インターネットという限られた世界で新規就農を考えてみると、いろいろと面白いことがわかる。

インターネットというと、若年層にしか普及していないように思われがちだが、それは断言できないこともわかる。「定年退職」や「団塊世代就農」など、検索者の年齢を特定させるようなキーワードも500ポイント以上を得ており、検索数も上位に食い込んでいる。団塊の世代が退職を迎える今後、ますます検索数は増えそうだ。

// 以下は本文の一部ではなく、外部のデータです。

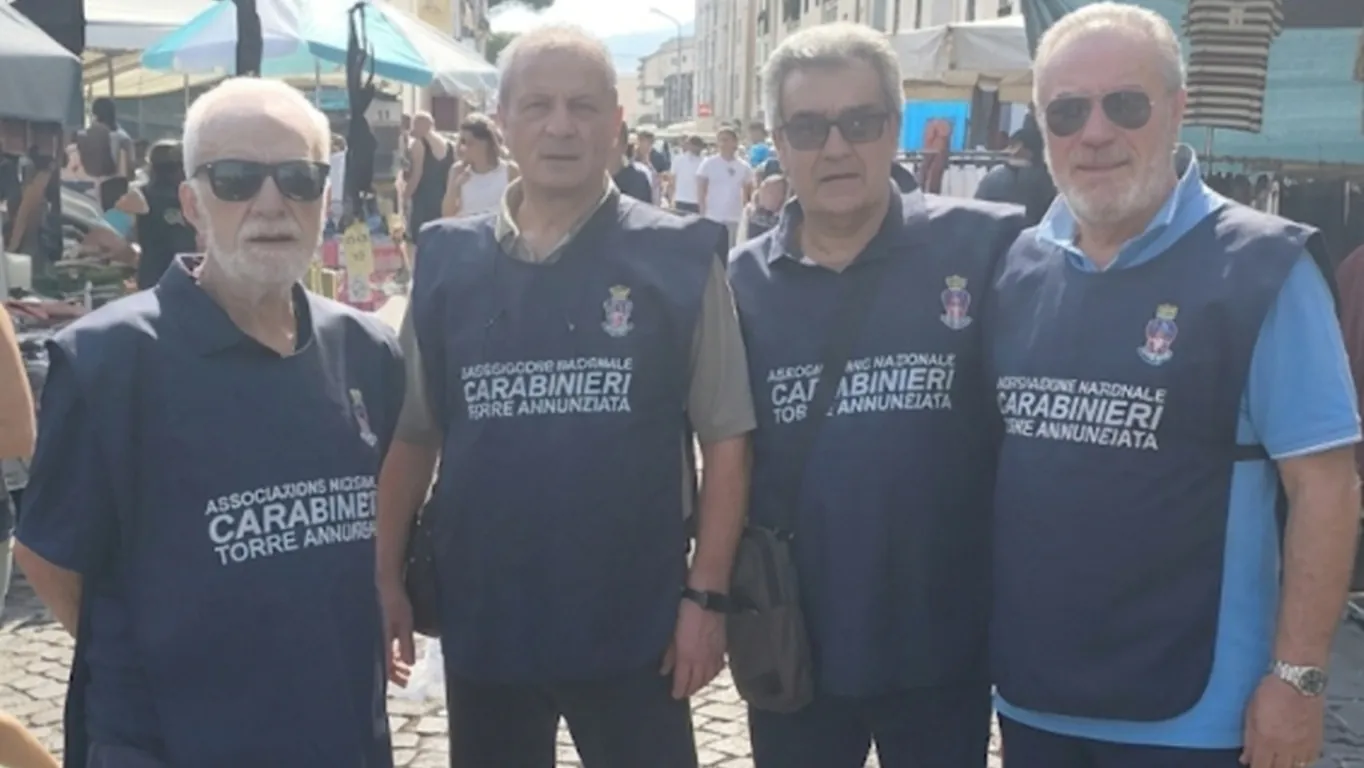 Torre Annunziata, l'Associazione Nazionale Carabinieri presidia il mercato settimanale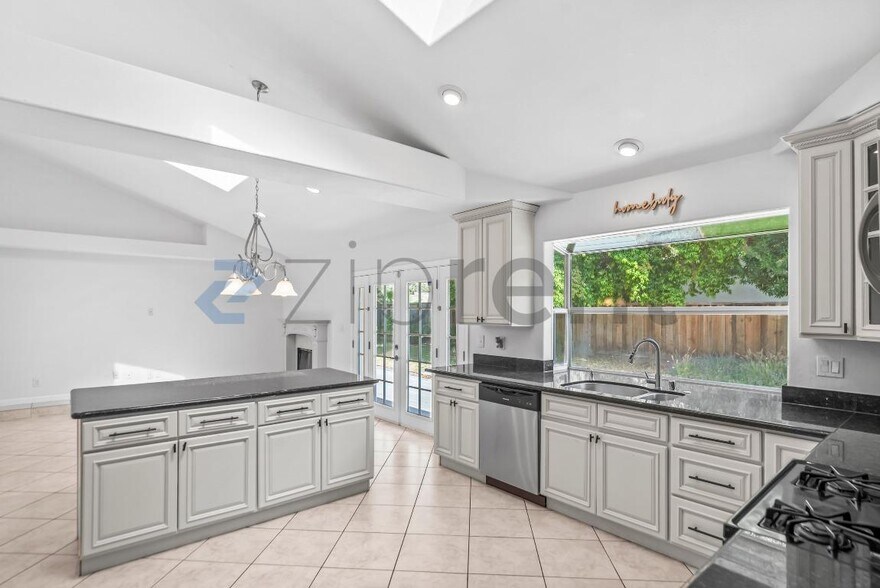 Building Photo - 1400 Arkell Rd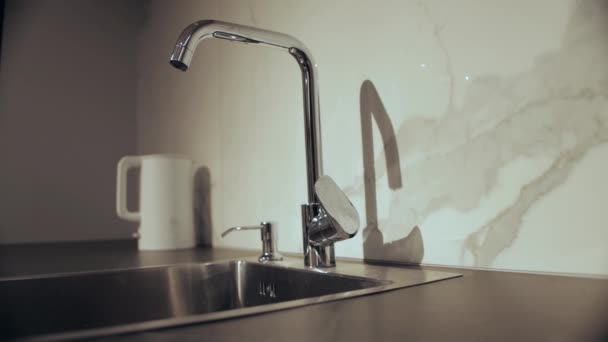 台所の水道水を垂らすと男が水を閉じます。節水の概念。テキストのコピースペース — ストック動画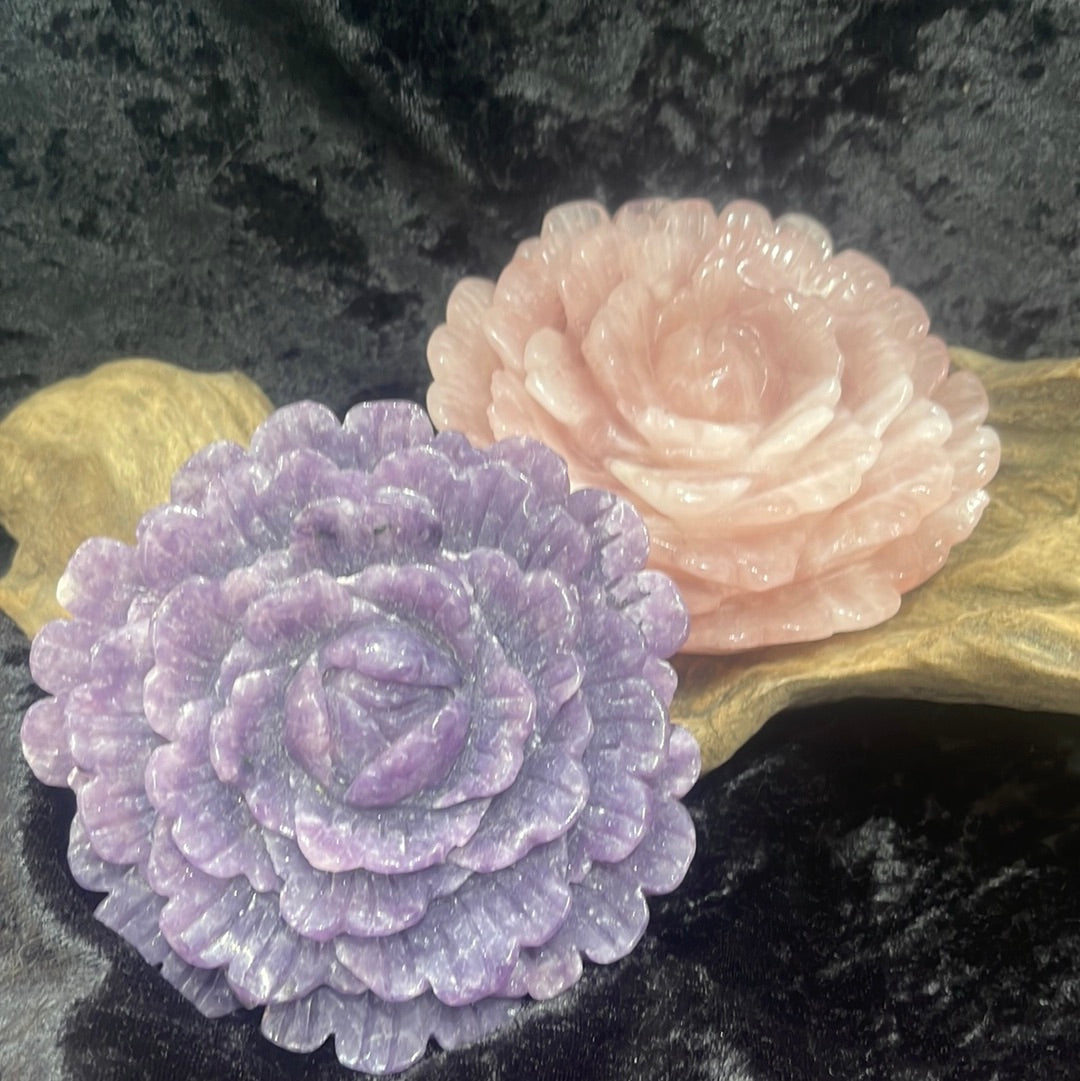 Gemstone flower blossoms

インターネットをマーケティングや広報の一環として捉えるならば、就農のための説明会やセミナーの名称もひねりを加えたい。例えば、○○県の新規就農セミナーであれば、「○○県新規就農と田舎暮らしセミナー」などの名称に変更することや、それらの就農情報だけではなく、物件情報や農地情報、研修情報も付け加えたい。この裏づけとして、「就農物件」や「就農 農地」など、すでに就農を心に決めている検索者が欲しい情報は、物件や農地に関する情報であることを意味しているのだ。

これらの総合的なセミナーの実現には、各都道府県などが"ヨコのツナガリ"を強化することが必要となるが、「移住者を増やしたい」と考えるならば、新規就農したい人の目線に立った企画が開催されることが願われるだろう。